* [Requirement] The lines from the one containing "Nadstandardní roubenný dům" through the last line below, both ends included, must be reproduced exactly, with no pictures.

* [Data records]

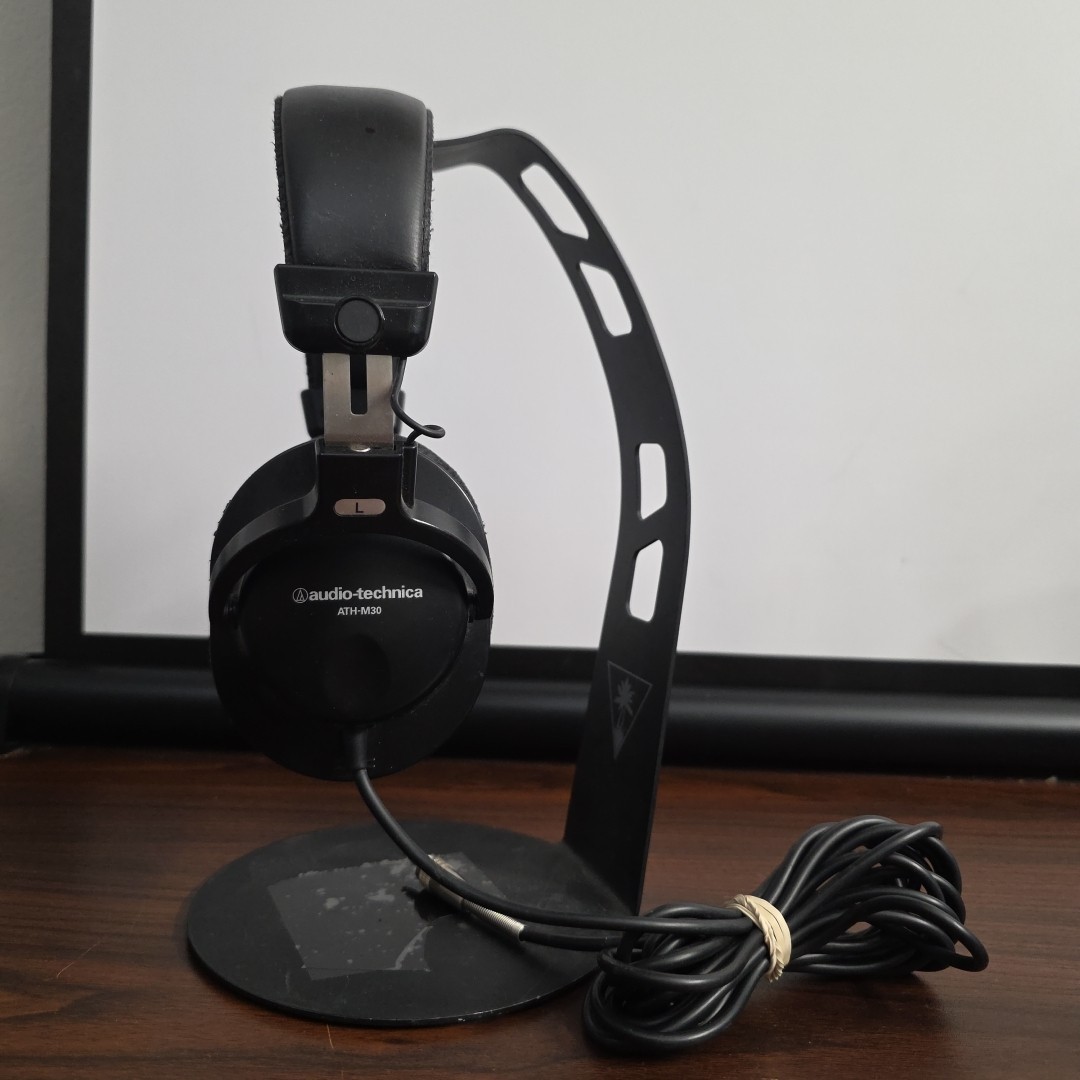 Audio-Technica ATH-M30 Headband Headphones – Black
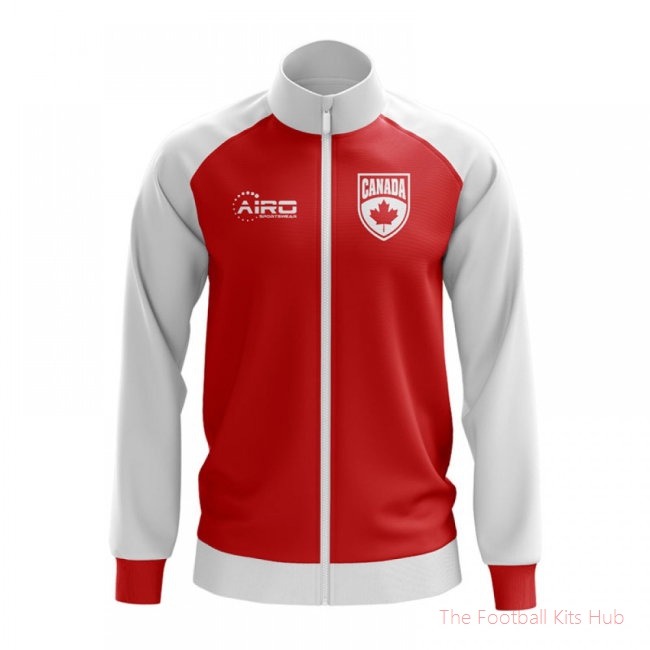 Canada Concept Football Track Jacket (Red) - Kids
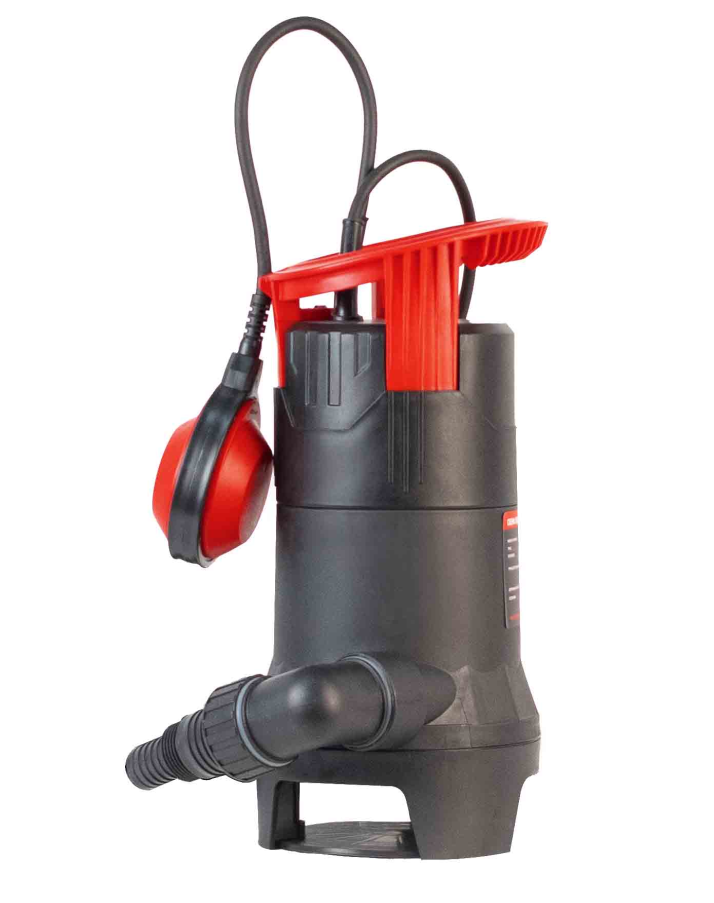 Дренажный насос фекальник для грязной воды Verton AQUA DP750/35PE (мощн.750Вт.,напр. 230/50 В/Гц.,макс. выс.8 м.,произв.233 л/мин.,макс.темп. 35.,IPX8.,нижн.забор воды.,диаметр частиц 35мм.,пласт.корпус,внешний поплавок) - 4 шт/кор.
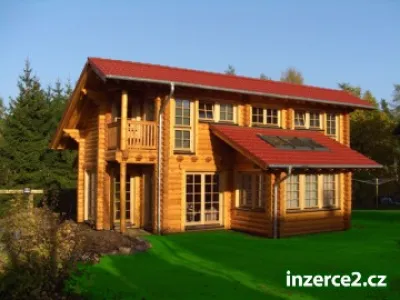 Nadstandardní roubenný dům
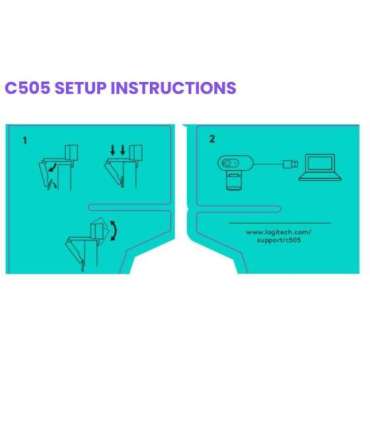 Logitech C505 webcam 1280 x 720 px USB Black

* [Reply]
 Nadstandardní roubenný dům
 Logitech C505 webcam 1280 x 720 px USB Black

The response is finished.